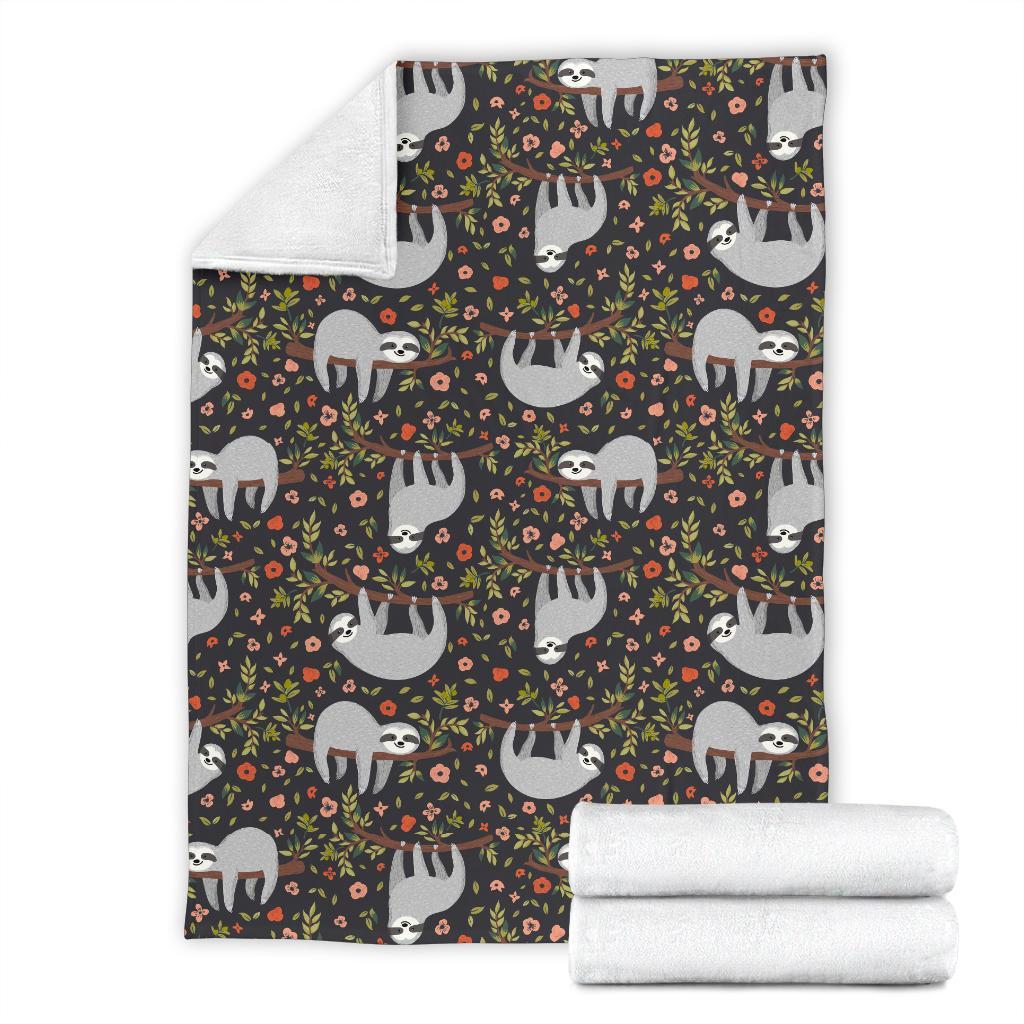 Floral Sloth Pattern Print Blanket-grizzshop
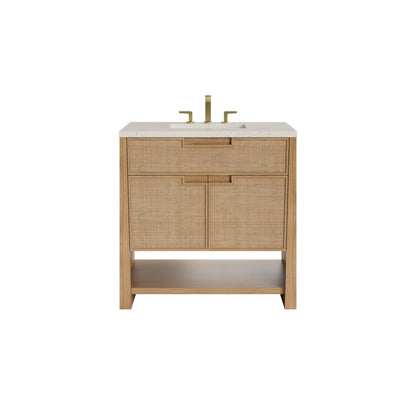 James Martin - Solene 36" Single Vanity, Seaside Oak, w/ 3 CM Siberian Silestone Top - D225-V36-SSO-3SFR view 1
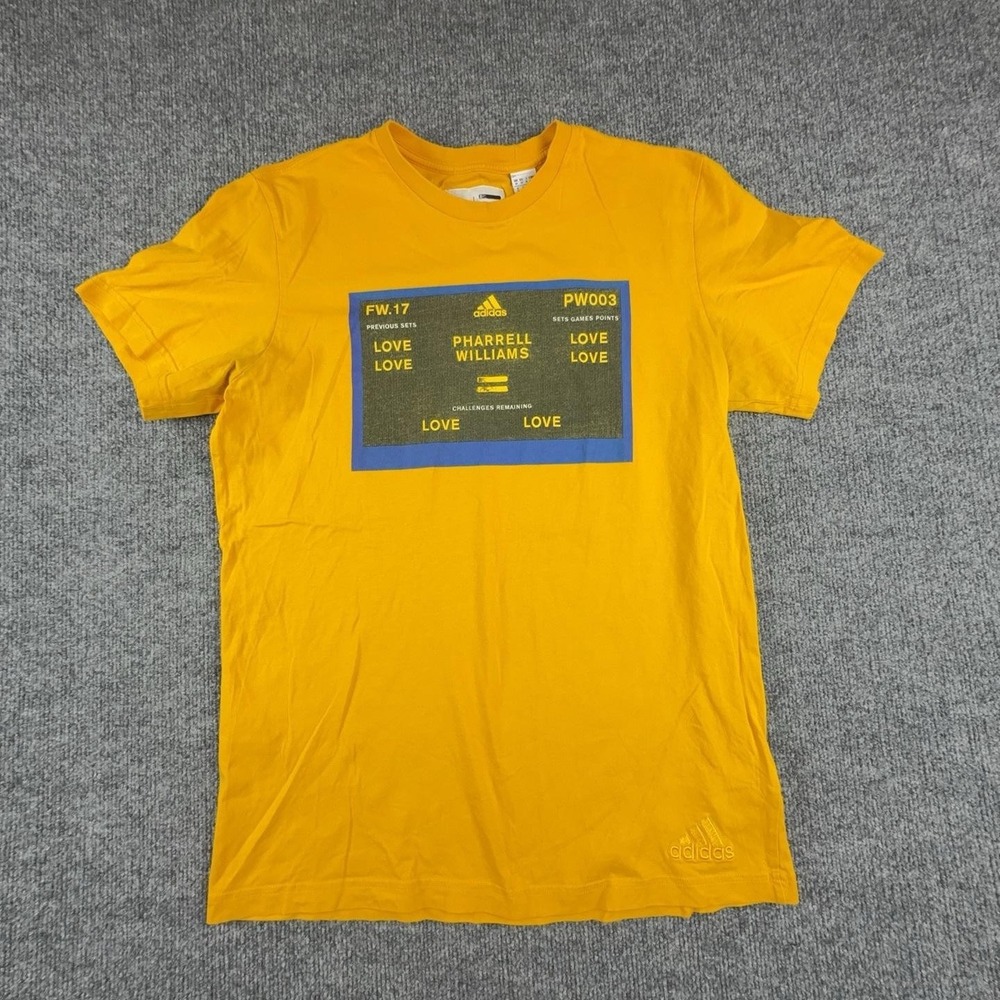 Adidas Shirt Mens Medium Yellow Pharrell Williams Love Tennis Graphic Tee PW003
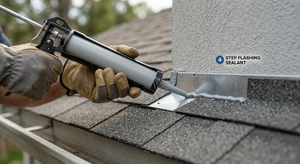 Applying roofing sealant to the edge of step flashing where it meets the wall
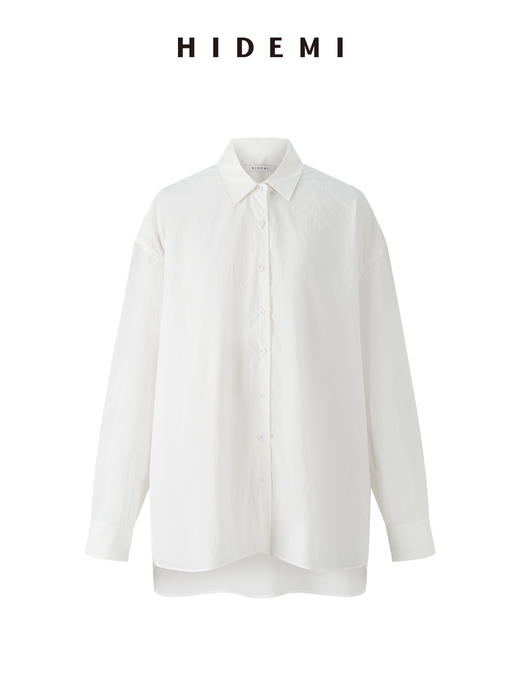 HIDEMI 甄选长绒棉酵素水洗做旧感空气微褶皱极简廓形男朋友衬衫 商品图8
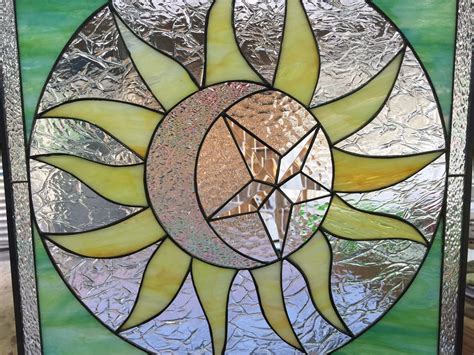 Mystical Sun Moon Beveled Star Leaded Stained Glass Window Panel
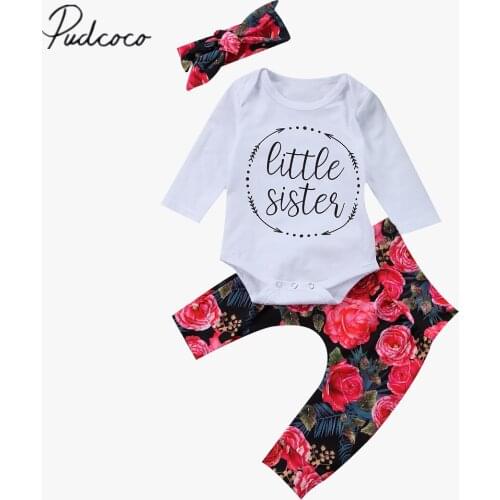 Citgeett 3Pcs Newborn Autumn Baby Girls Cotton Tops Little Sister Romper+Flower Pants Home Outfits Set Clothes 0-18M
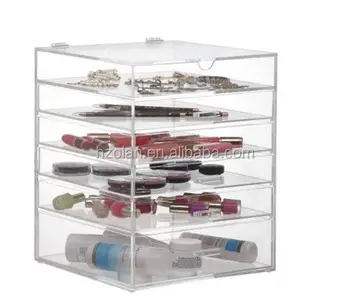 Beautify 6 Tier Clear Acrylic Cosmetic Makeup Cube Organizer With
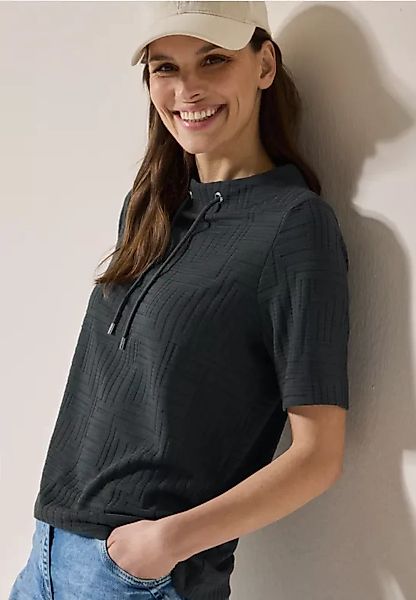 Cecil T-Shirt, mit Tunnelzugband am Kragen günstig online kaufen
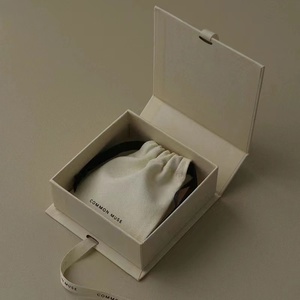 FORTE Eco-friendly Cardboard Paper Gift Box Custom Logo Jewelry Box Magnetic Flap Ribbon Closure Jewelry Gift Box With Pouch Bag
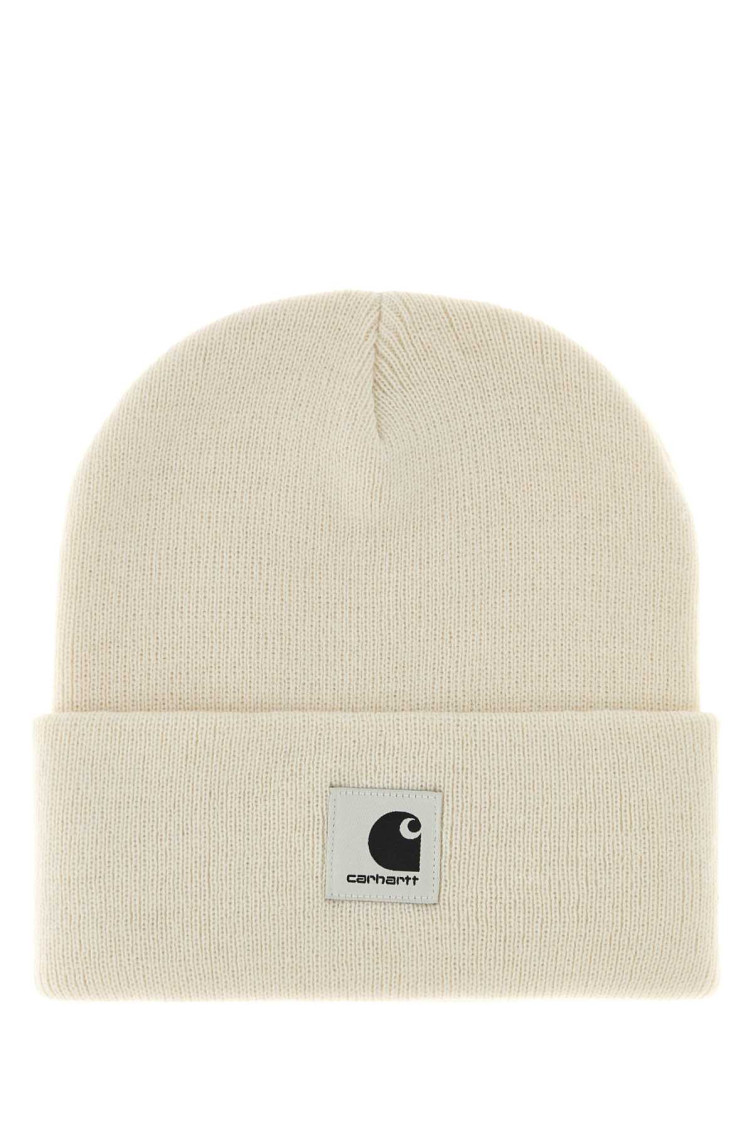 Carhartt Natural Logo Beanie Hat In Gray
*-*-*
## Work task
Everything in the records above is to be copied exactly, except the pictures.

## Task solution
 Floral Sloth Pattern Print Blanket-grizzshop
 James Martin - Solene 36" Single Vanity, Seaside Oak, w/ 3 CM Siberian Silestone Top - D225-V36-SSO-3SFR view 1
 Adidas Shirt Mens Medium Yellow Pharrell Williams Love Tennis Graphic Tee PW003
 Applying roofing sealant to the edge of step flashing where it meets the wall
 HIDEMI 甄选长绒棉酵素水洗做旧感空气微褶皱极简廓形男朋友衬衫 商品图8
 Mystical Sun Moon Beveled Star Leaded Stained Glass Window Panel
 Citgeett 3Pcs Newborn Autumn Baby Girls Cotton Tops Little Sister Romper+Flower Pants Home Outfits Set Clothes 0-18M
 Beautify 6 Tier Clear Acrylic Cosmetic Makeup Cube Organizer With
 Cecil T-Shirt, mit Tunnelzugband am Kragen günstig online kaufen
 FORTE Eco-friendly Cardboard Paper Gift Box Custom Logo Jewelry Box Magnetic Flap Ribbon Closure Jewelry Gift Box With Pouch Bag
 Carhartt Natural Logo Beanie Hat In Gray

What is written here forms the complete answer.